(Captioned web images)
+++
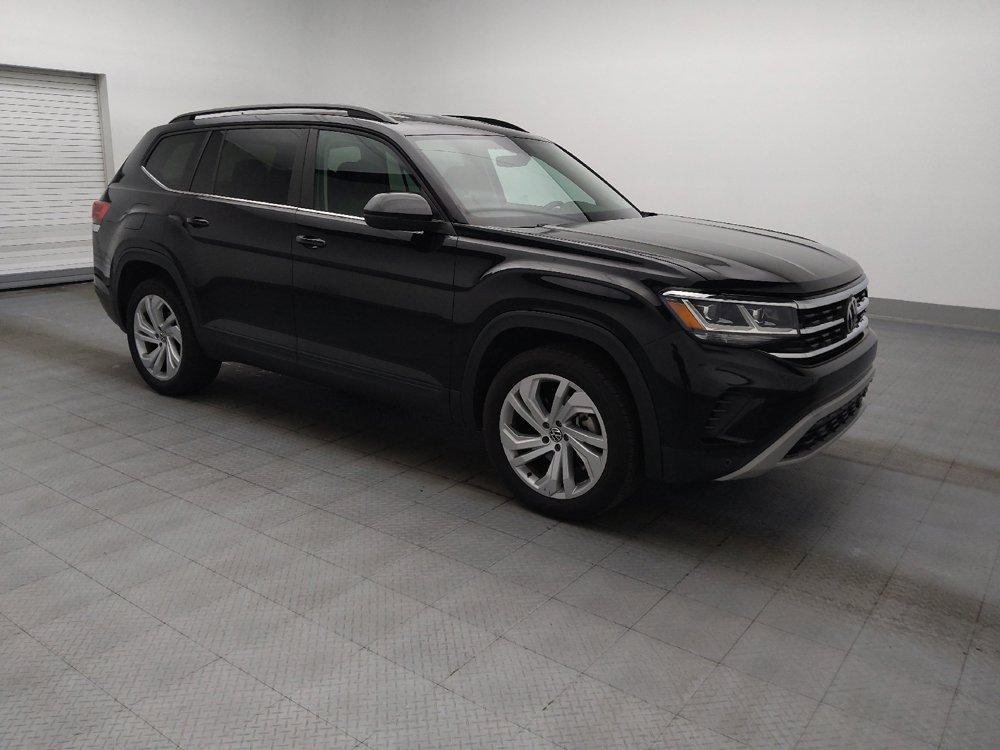 Used 2023 Volkswagen Atlas SE FWD image 11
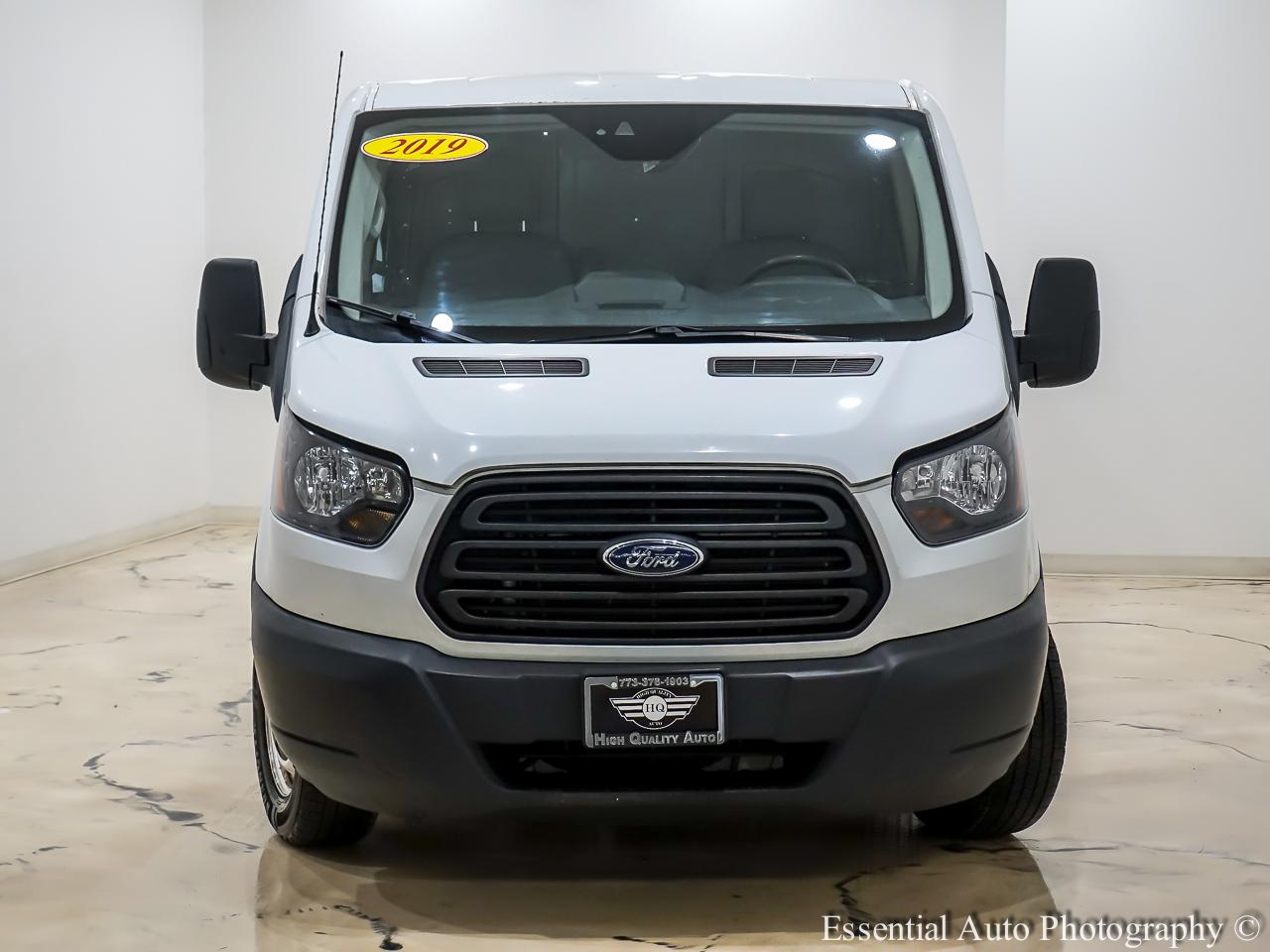 Ford Transit 250 Van Low Roof w/Sliding Pass. 148-in. WB 2019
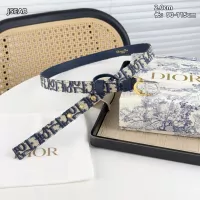 Cheap Christian Dior AAA Quality Belts For Women #1365210 Replica Wholesale [$48.00 USD] [ITEM#1365210] on Replica Christian Dior AAA Quality Belts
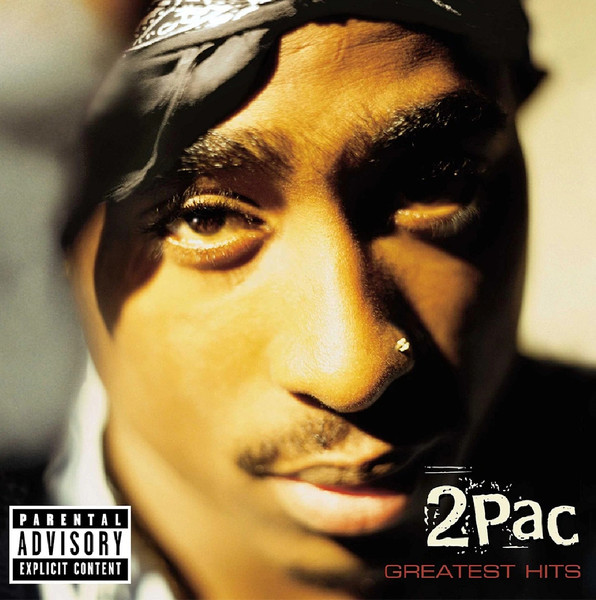 2Pac - Greatest Hits | Death Row Records (0602567965411)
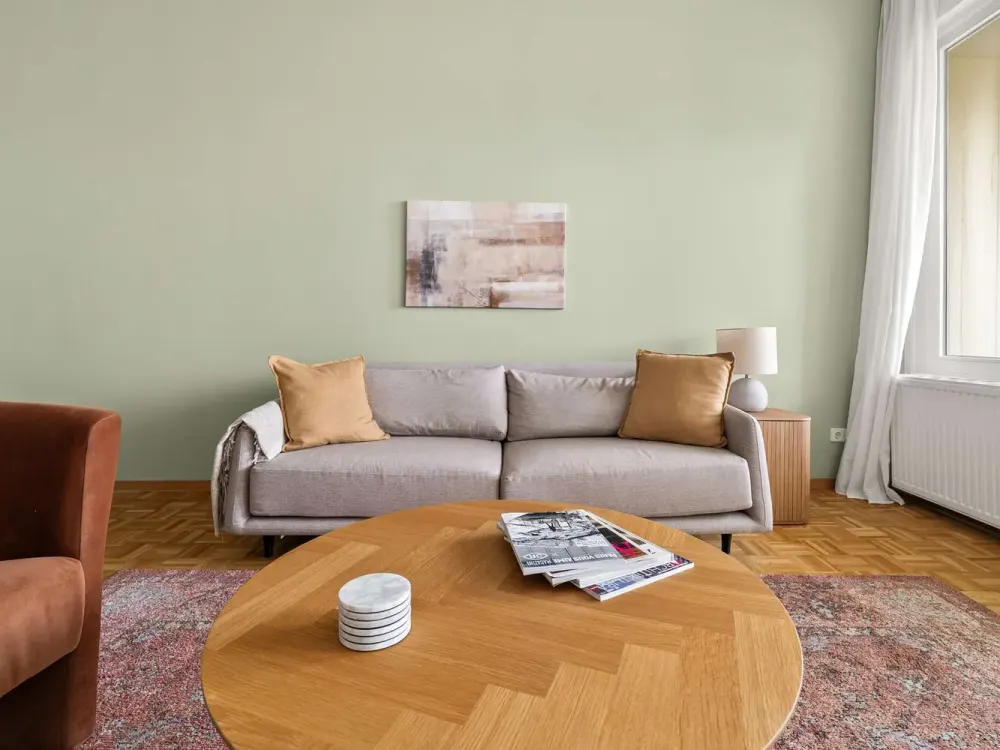 Stilvolle 2-Zimmer Wohnung in Mitte - voll möbliert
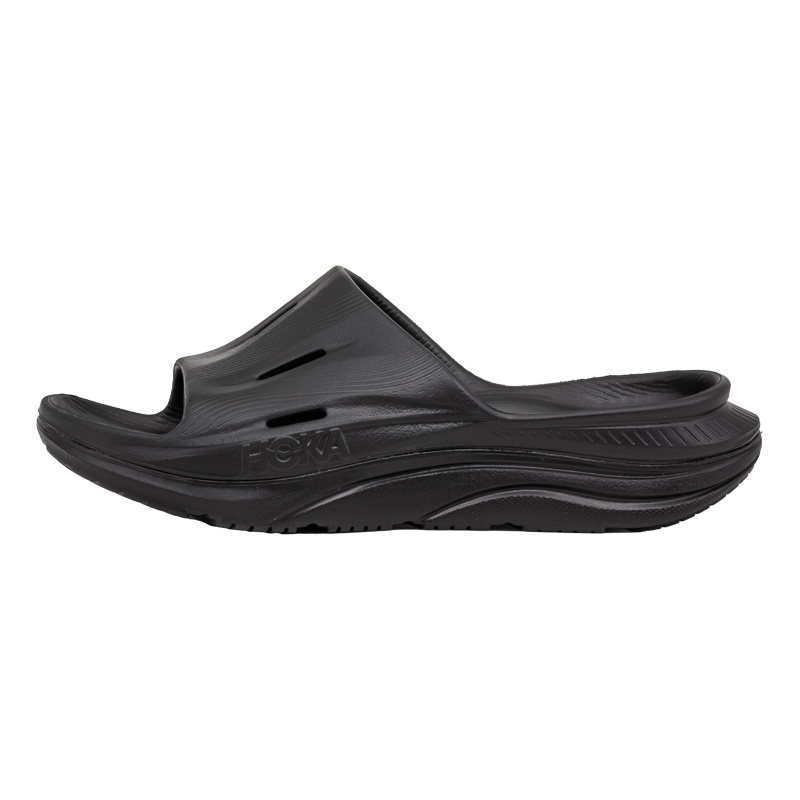 HOKA ONE ONE奥拉3拖鞋男女ORA Recovery3运动舒缓沙滩鞋外穿凉拖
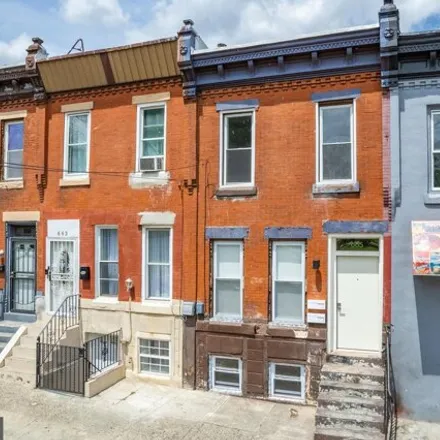 Buy this 2 bed house on 665 E Clearfield St in Philadelphia, Pennsylvania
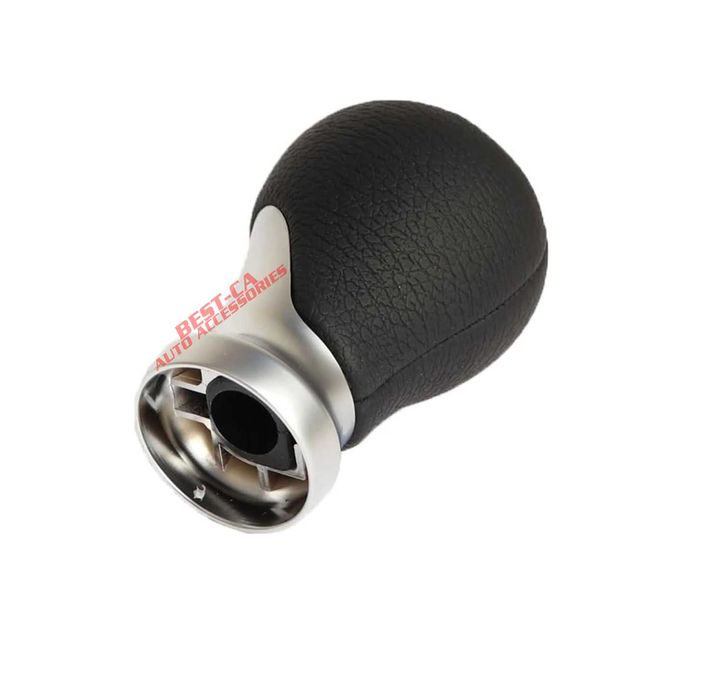 Кожена топка скоростен лост за Kia Picanto Rio (2011-2017) 5 скорости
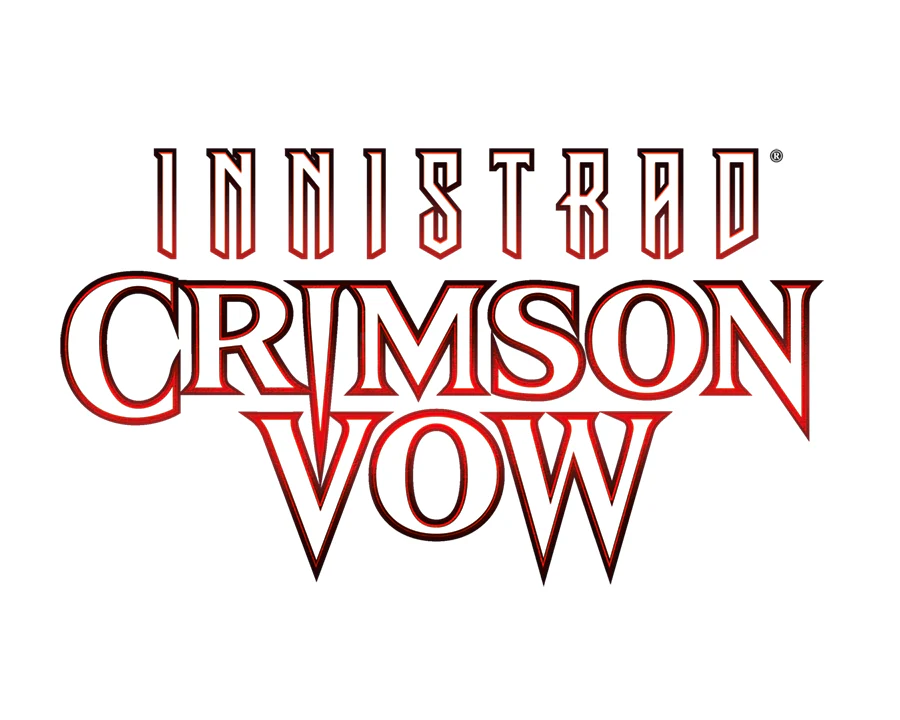 Magic The Gathering Innistrad Crimson VOW Commander Deck Case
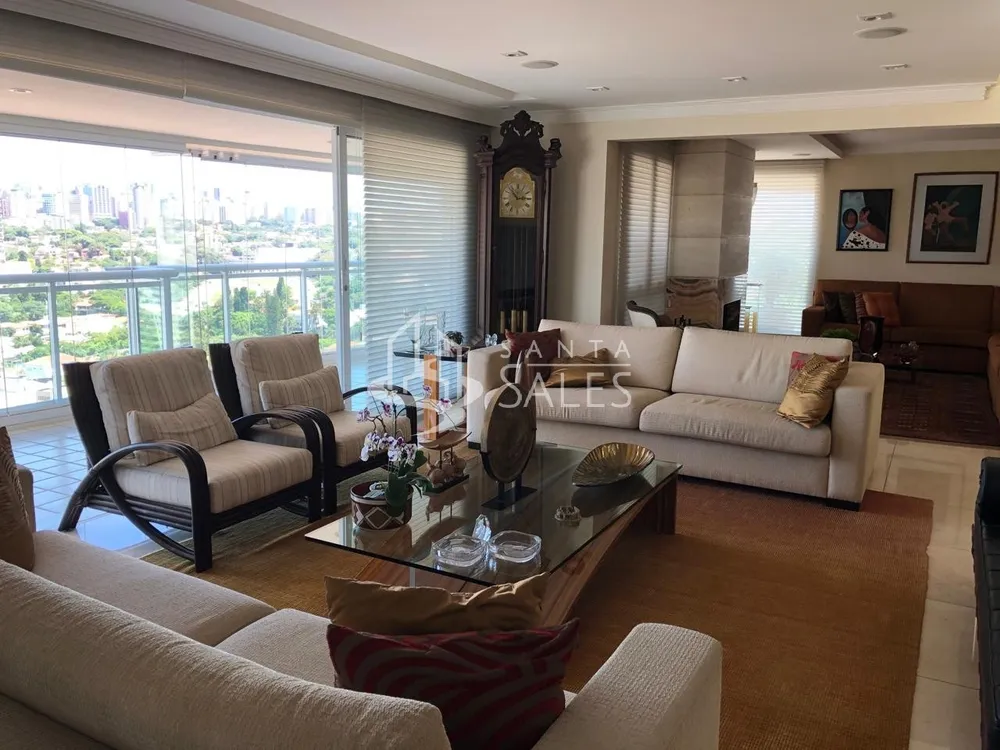 Cobertura, 3 quartos, 847 m² - Foto 2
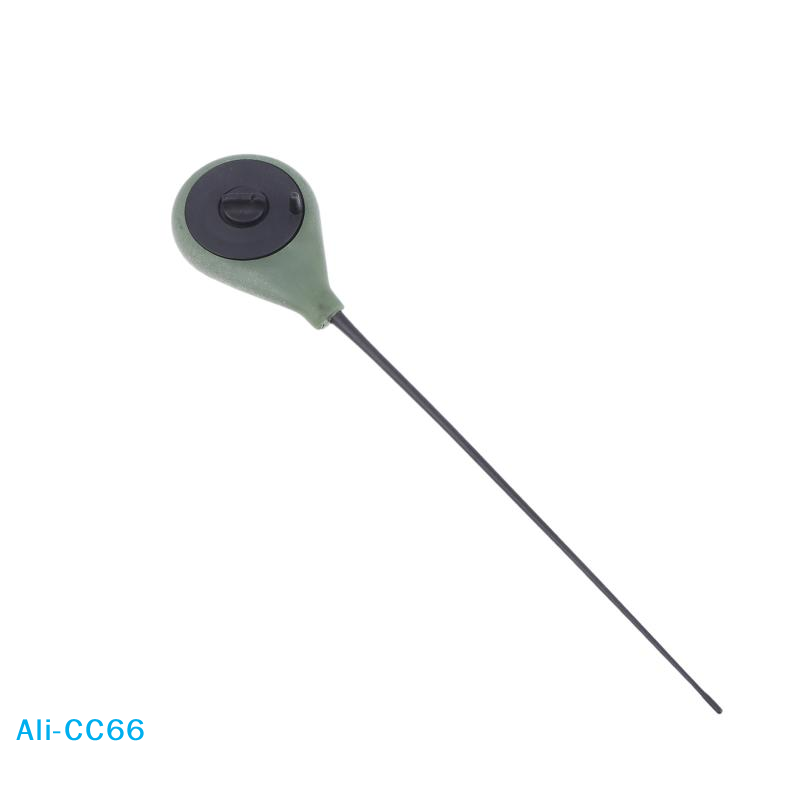 【C】2/4/6PCS Portable Plastic I - Fishing Rod Ice recension och pris
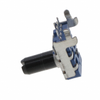 Potentiometers, Variable Resistors - Rotary Potentiometers, Rheostats -- 11VR1X20F2N103B1 - Image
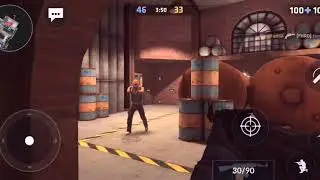 Круто играю в C-OPS 2 УБИЛ ВСЕХ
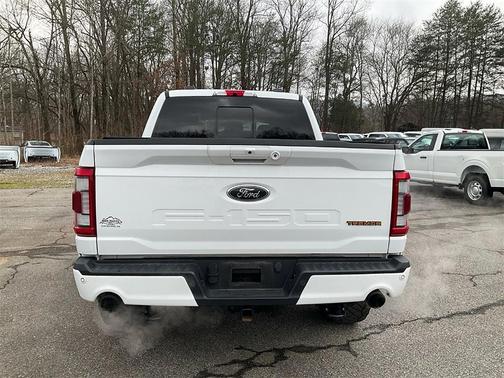 2022 Ford F-150 Tremor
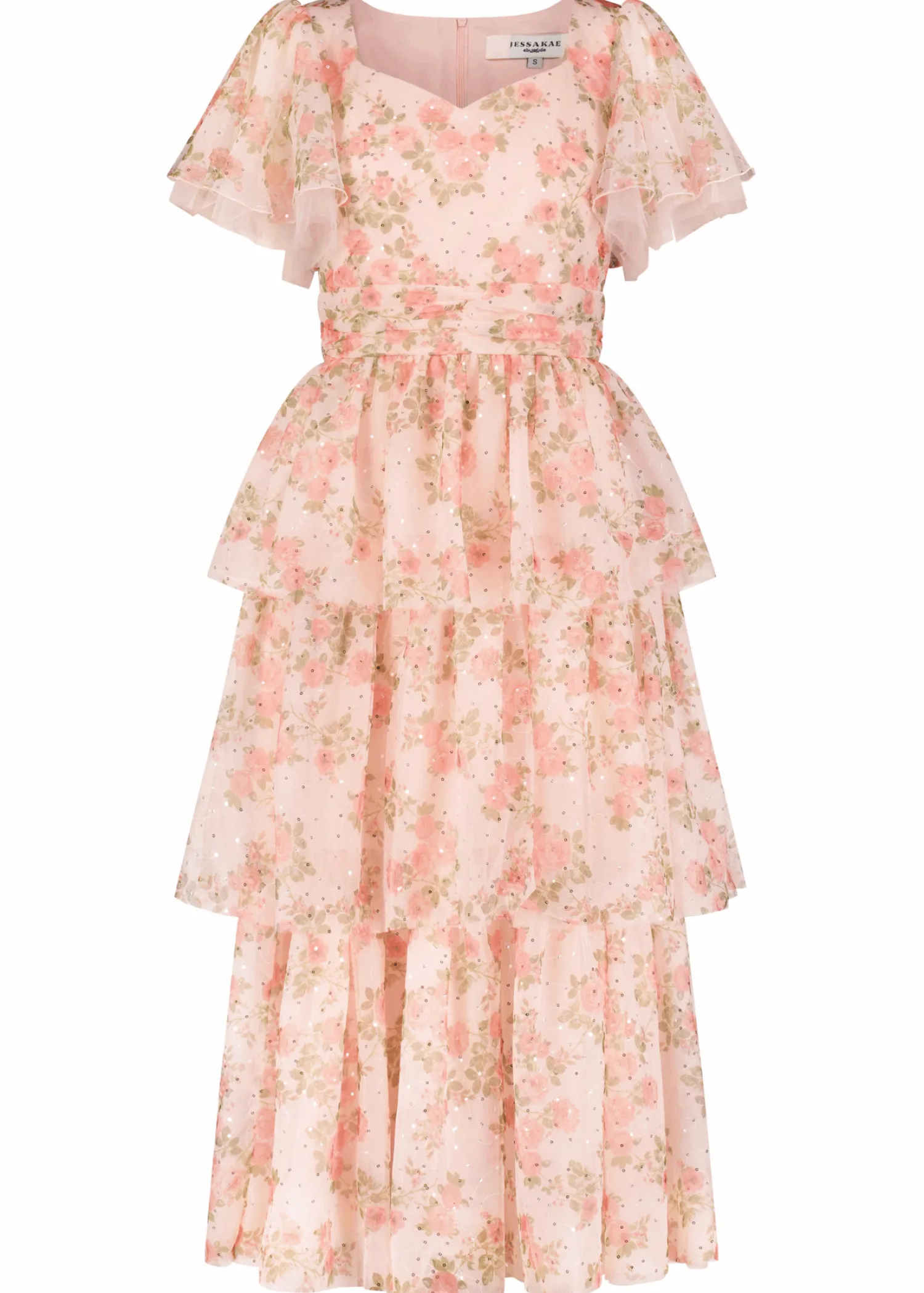 JessaKae Adelaide Dress* Maxi Dresses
+++
Exercise brief: The result should be the full set of entries above, restated exactly and without images.

Output below:
 Used 2023 Volkswagen Atlas SE FWD image 11
 Ford Transit 250 Van Low Roof w/Sliding Pass. 148-in. WB 2019
 Cheap Christian Dior AAA Quality Belts For Women #1365210 Replica Wholesale [$48.00 USD] [ITEM#1365210] on Replica Christian Dior AAA Quality Belts
 2Pac - Greatest Hits | Death Row Records (0602567965411)
 Stilvolle 2-Zimmer Wohnung in Mitte - voll möbliert
 HOKA ONE ONE奥拉3拖鞋男女ORA Recovery3运动舒缓沙滩鞋外穿凉拖
 Buy this 2 bed house on 665 E Clearfield St in Philadelphia, Pennsylvania
 Кожена топка скоростен лост за Kia Picanto Rio (2011-2017) 5 скорости
 Magic The Gathering Innistrad Crimson VOW Commander Deck Case
 Cobertura, 3 quartos, 847 m² - Foto 2
 【C】2/4/6PCS Portable Plastic I - Fishing Rod Ice recension och pris
 Potentiometers, Variable Resistors - Rotary Potentiometers, Rheostats -- 11VR1X20F2N103B1 - Image
 Круто играю в C-OPS 2 УБИЛ ВСЕХ
 2022 Ford F-150 Tremor
 JessaKae Adelaide Dress* Maxi Dresses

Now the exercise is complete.